As well as thinking about how the lamp and lampshade combination works in your chosen position, you’ll also need to consider the shade’s proportion in relation to the base. Too tall or wide and the effect will be top heavy; too short or narrow and the lamp will look unbalanced. Try lamps and lampshades together if you can (even if it means carting the lamp to the store with you) and trust your eye. But, if you’re not sure, follow our failsafe formula…
The width of a lampshade should be roughly equal to the height of the lamp base, and the height of the lampshade should be about two-thirds the height of the lamp base. The shade should also be wider than the widest part of the base to keep the whole lamp looking balanced. When it comes to floor lamps, aim for a shade with a base diameter of 45cm or larger.
There are four main lampshade shapes and all have different qualities. The classic cone shape is often called an ‘empire’ shade and works well with rounded bases. The cone can be angled slightly, like our Lucile shade, for a subtle look, or wider, like the Oliver shade, for a stronger statement. Henry sits somewhere in between. The square or rectangle shade (like James) is great for narrow or awkward spots, such as a mantelpiece, as it will tuck neatly against the wall. This silhouette tends to sit better with a more angular base. A drum shape, or cylinder, has a contemporary feel and can be scaled up easily. Our Iona drum shade includes a diffuser screen to soften the light streaming from such a wide base when it’s used on a ceiling light. And finally, the versatile oval shade has a more traditional feel to it.

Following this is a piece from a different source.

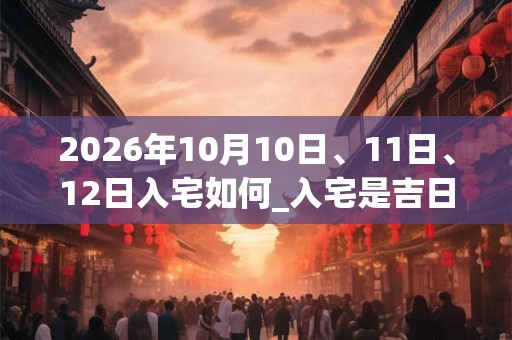 2026年10月10日、11日、12日入宅如何_入宅是吉日吗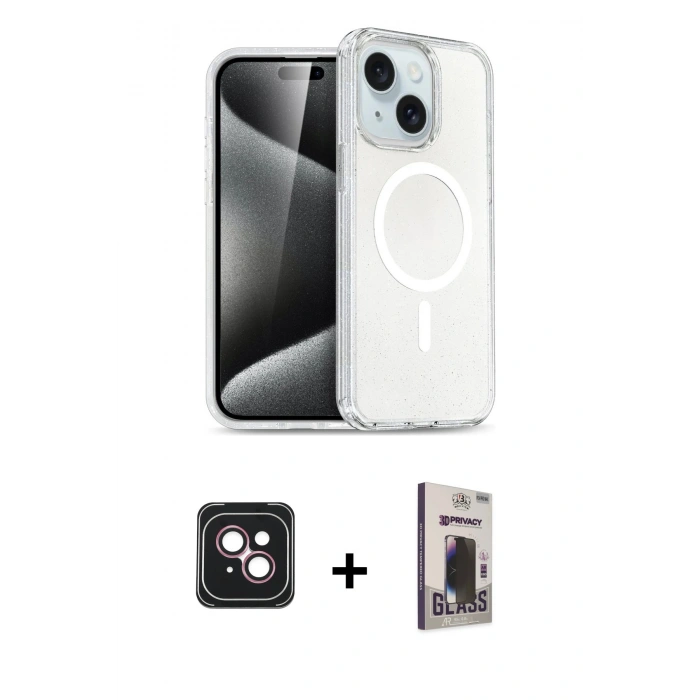 MARSİLYAN™- iPhone 14 Kılıf Nova Asil Prime - Siyah Bilvis Hayalet Cam Ekran Koruyucu + PVD Metal Kamera Lens - PE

Consider what type of light source you want to create. Thicker, darker fabrics, such as our Angus Flint wool-covered Oliver shade or the Slate cotton-linen ones (available on Henry, Lucile, James and Oliver), will direct light in defined, up-and-down beams. These work well if you want to highlight an area or create a mood. Alternatively, paler, more translucent fabric covers are better for reading lamps and adding ambient light to the room.
Finally, how the fabric is applied will also impact on the finished look: smooth, tightly stretched fabric shades feel refined and contemporary; pleats are cosier and more traditional and look good paired with an antique-style base.